= Beginning of Section =
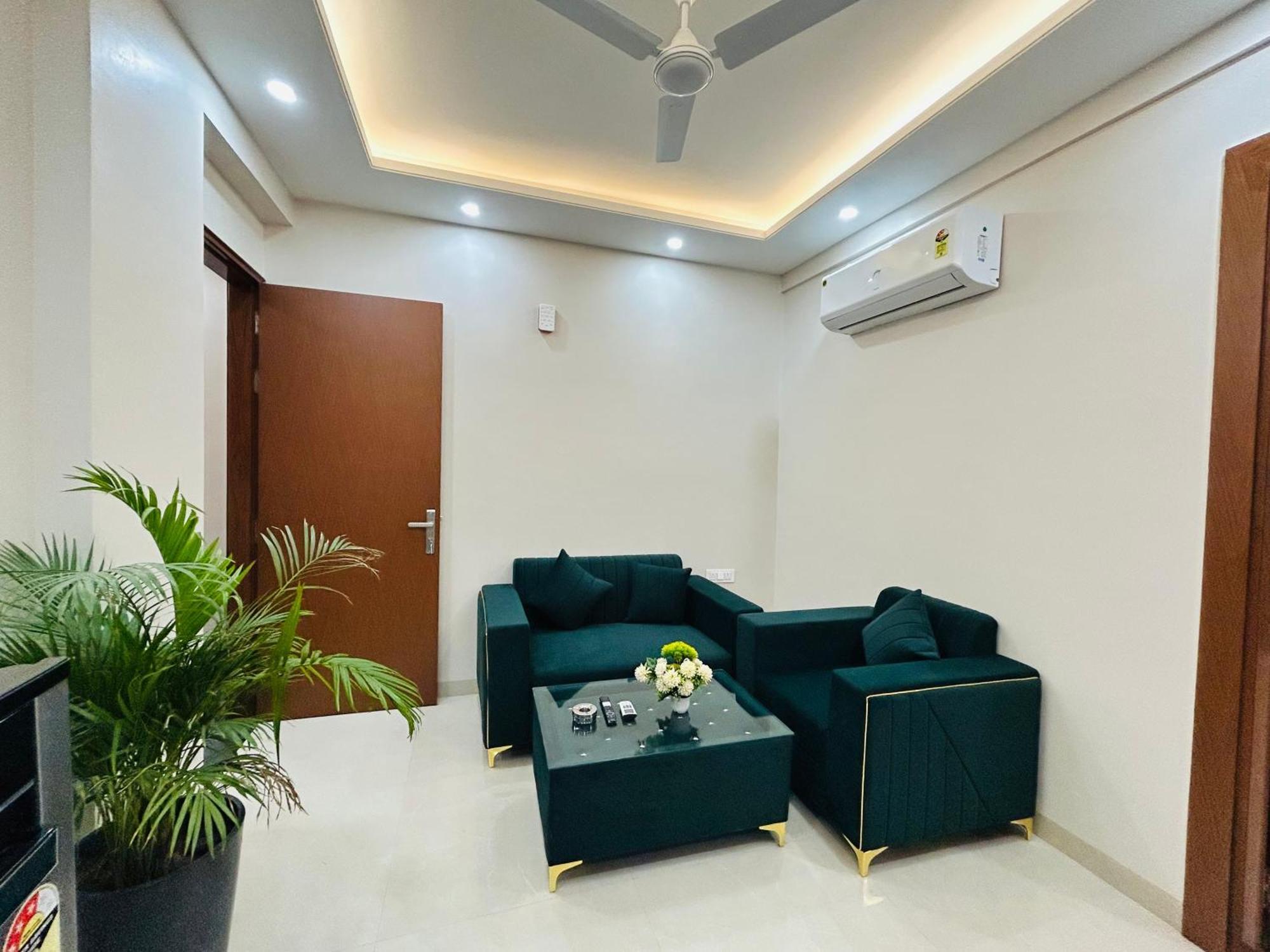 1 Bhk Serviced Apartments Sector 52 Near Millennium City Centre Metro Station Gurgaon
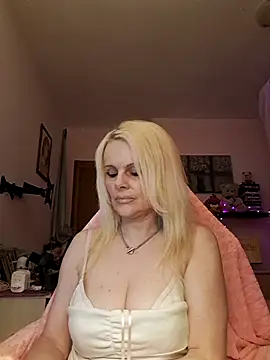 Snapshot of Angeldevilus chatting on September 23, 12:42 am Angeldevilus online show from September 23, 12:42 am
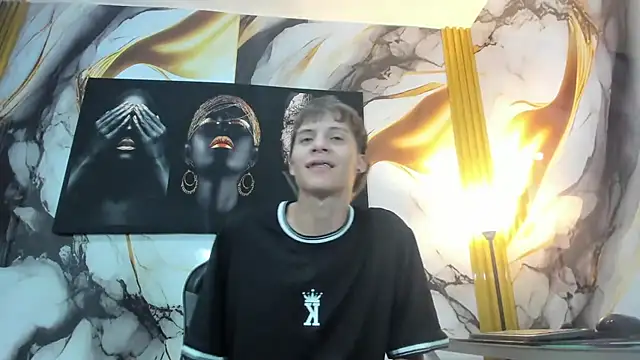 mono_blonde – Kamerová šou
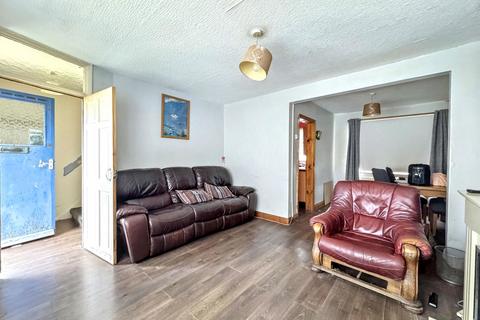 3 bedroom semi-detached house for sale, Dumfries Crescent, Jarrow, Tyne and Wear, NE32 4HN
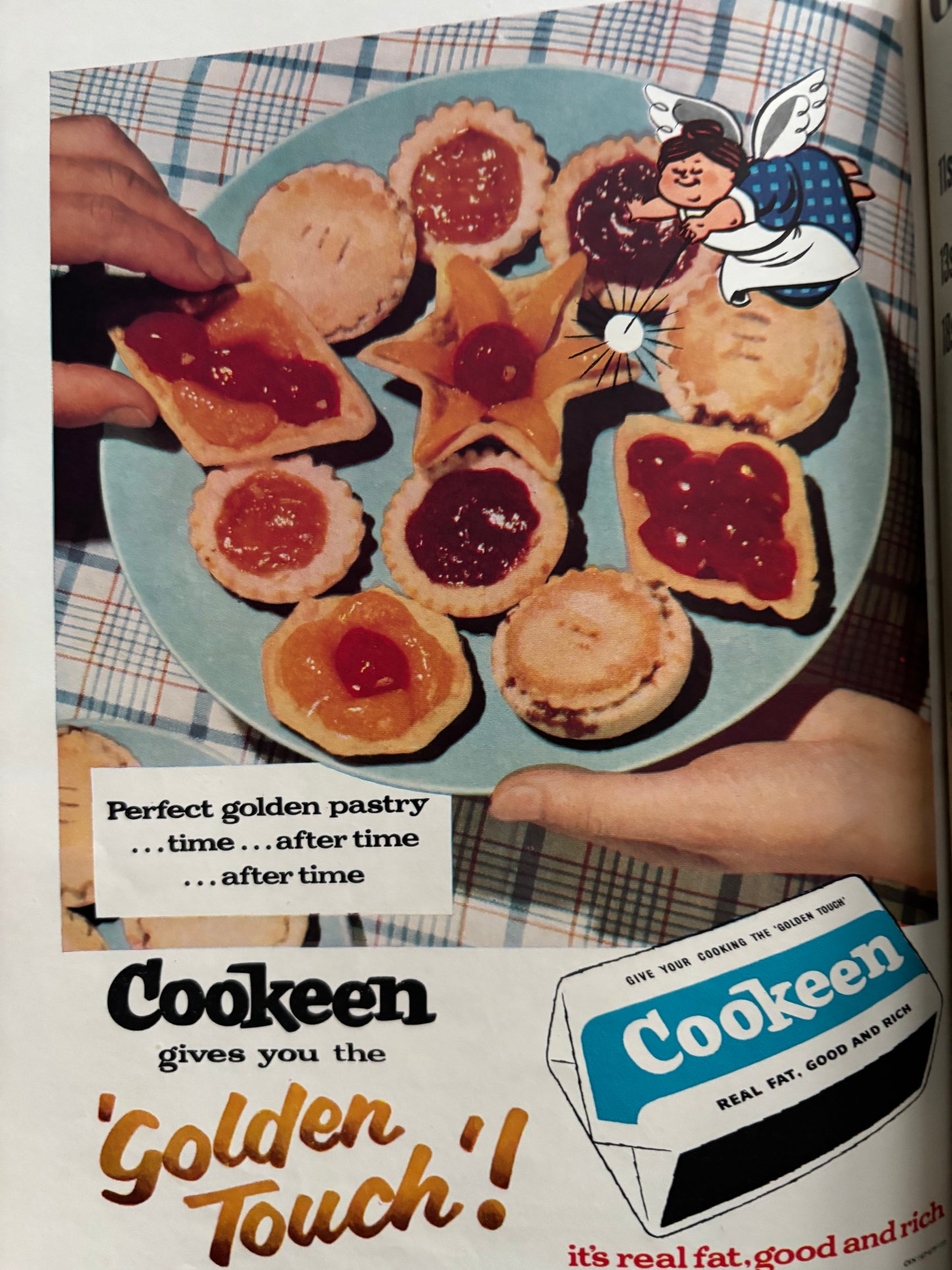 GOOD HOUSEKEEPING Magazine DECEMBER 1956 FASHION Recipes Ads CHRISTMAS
= End of Section =
== PROBLEM DETAILS ==
Please retype, exactly as they appear, the lines from the one with "Snapshot of Angeldevilus" through the final line of the material, both included, and drop any pictures.

== WRITTEN SOLUTION ==
 Snapshot of Angeldevilus chatting on September 23, 12:42 am Angeldevilus online show from September 23, 12:42 am
 mono_blonde – Kamerová šou
 3 bedroom semi-detached house for sale, Dumfries Crescent, Jarrow, Tyne and Wear, NE32 4HN
 GOOD HOUSEKEEPING Magazine DECEMBER 1956 FASHION Recipes Ads CHRISTMAS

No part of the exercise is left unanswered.